= Beginning of Section =
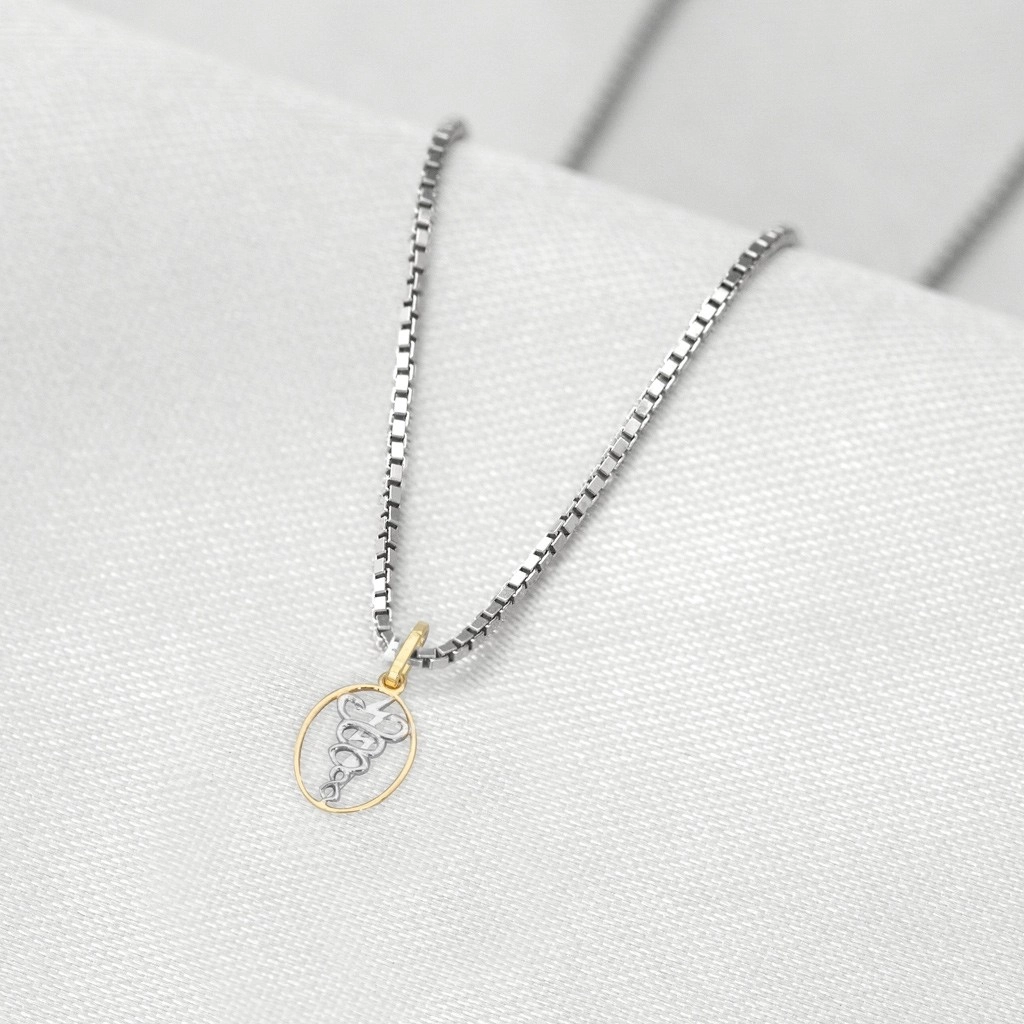 Corrente de Prata com Pingente de Formatura em Ouro 18k Profissão Fisioterapia P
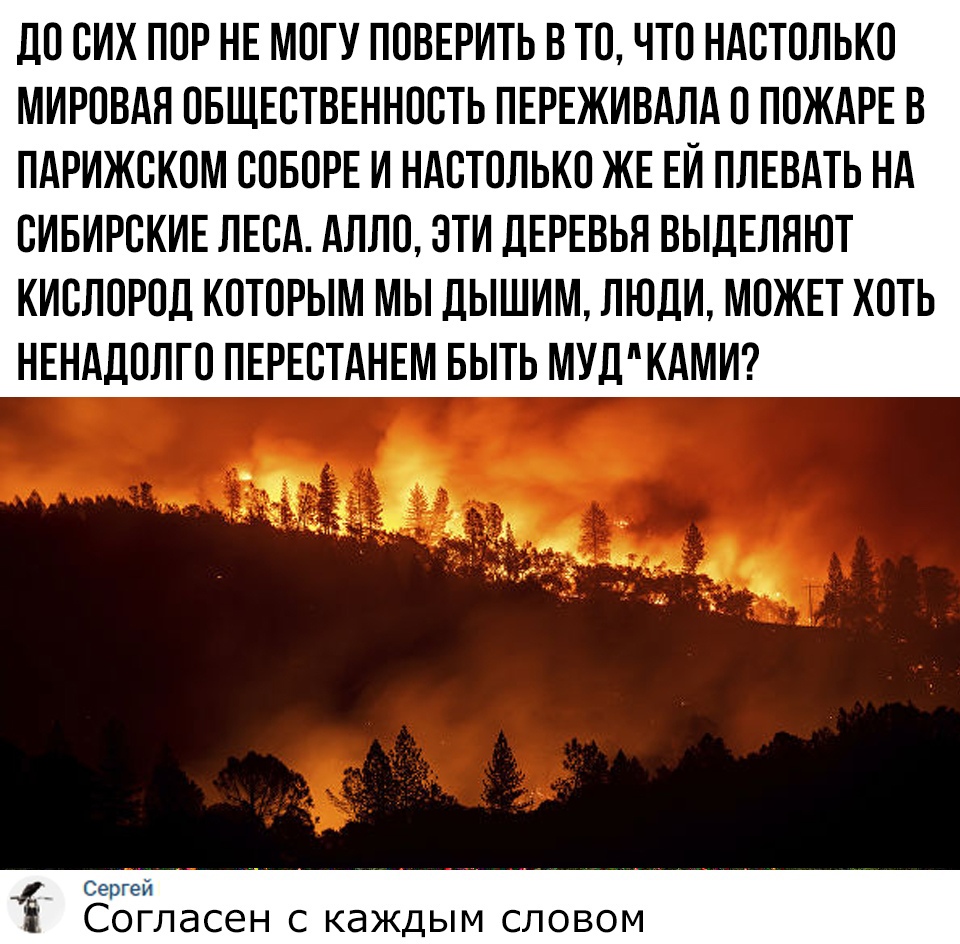 дО ОИХ ПОР НЕ МОГУ ПОВЕРИТЬ ВТО ЧТО НАОТОЛЬКО МИРОВАЯ ОБЩЕОТВЕННООТЬ ПЕРЕЖИВАЛА О ПОЖАРЕ В ПАРИЖОКОМ ООБОРЕ И НАОТОЛЬКО ЖЕ ЕИ ПЛЕВАТЬ НА ОИБИРОКИЕ ЛЕОА АЛЛО ЭТИ ДЕРЕВЬЯ ВЫДЕЛЯЮТ КИОЛОРОД КОТОРЫМ МЫ ДЫШИМ ЛЮДИ МОЖЕТ ХОТЬ НЕНАДОЛГО ПЕРЕСТАНЕМ БЫТЬ МУДКАМИ _ ьгеп СОГЛдСЕН С КдЖДЫМ СЛОВОМ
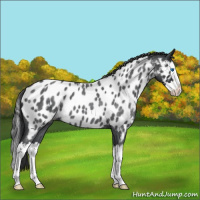 Horse Color:Blue Roan Splash Near Leopard 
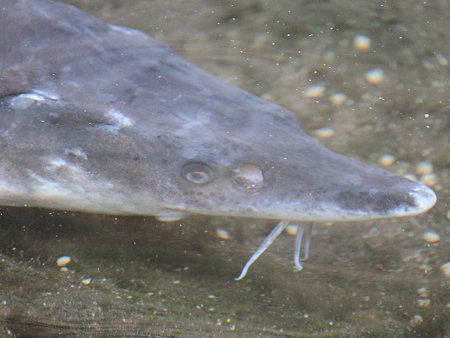 チョウザメ 蝶鮫 かぎけんweb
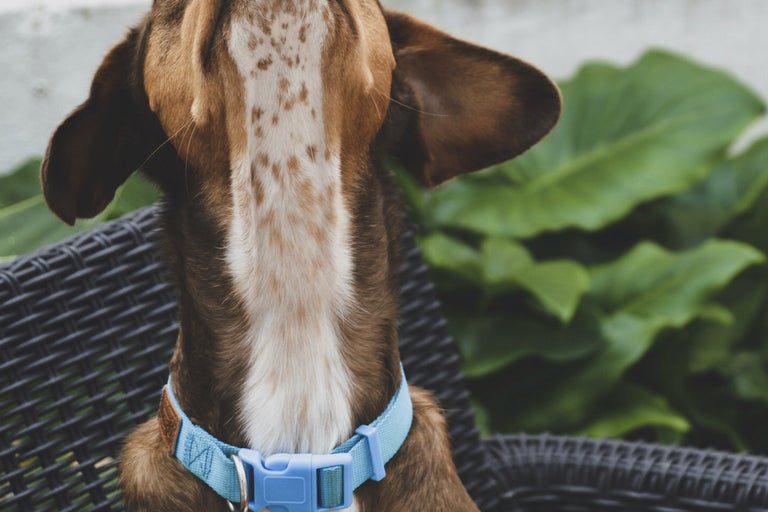 Närbild av en hunds nacke med ett blått halsband på en korg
= End of Section =
Return verbatim every line from the one holding "дО ОИХ ПОР НЕ" to the end of the records above. Do not copy the pictures.

> OUTPUT OF THE TASK
 дО ОИХ ПОР НЕ МОГУ ПОВЕРИТЬ ВТО ЧТО НАОТОЛЬКО МИРОВАЯ ОБЩЕОТВЕННООТЬ ПЕРЕЖИВАЛА О ПОЖАРЕ В ПАРИЖОКОМ ООБОРЕ И НАОТОЛЬКО ЖЕ ЕИ ПЛЕВАТЬ НА ОИБИРОКИЕ ЛЕОА АЛЛО ЭТИ ДЕРЕВЬЯ ВЫДЕЛЯЮТ КИОЛОРОД КОТОРЫМ МЫ ДЫШИМ ЛЮДИ МОЖЕТ ХОТЬ НЕНАДОЛГО ПЕРЕСТАНЕМ БЫТЬ МУДКАМИ _ ьгеп СОГЛдСЕН С КдЖДЫМ СЛОВОМ
 Horse Color:Blue Roan Splash Near Leopard 
 チョウザメ 蝶鮫 かぎけんweb
 Närbild av en hunds nacke med ett blått halsband på en korg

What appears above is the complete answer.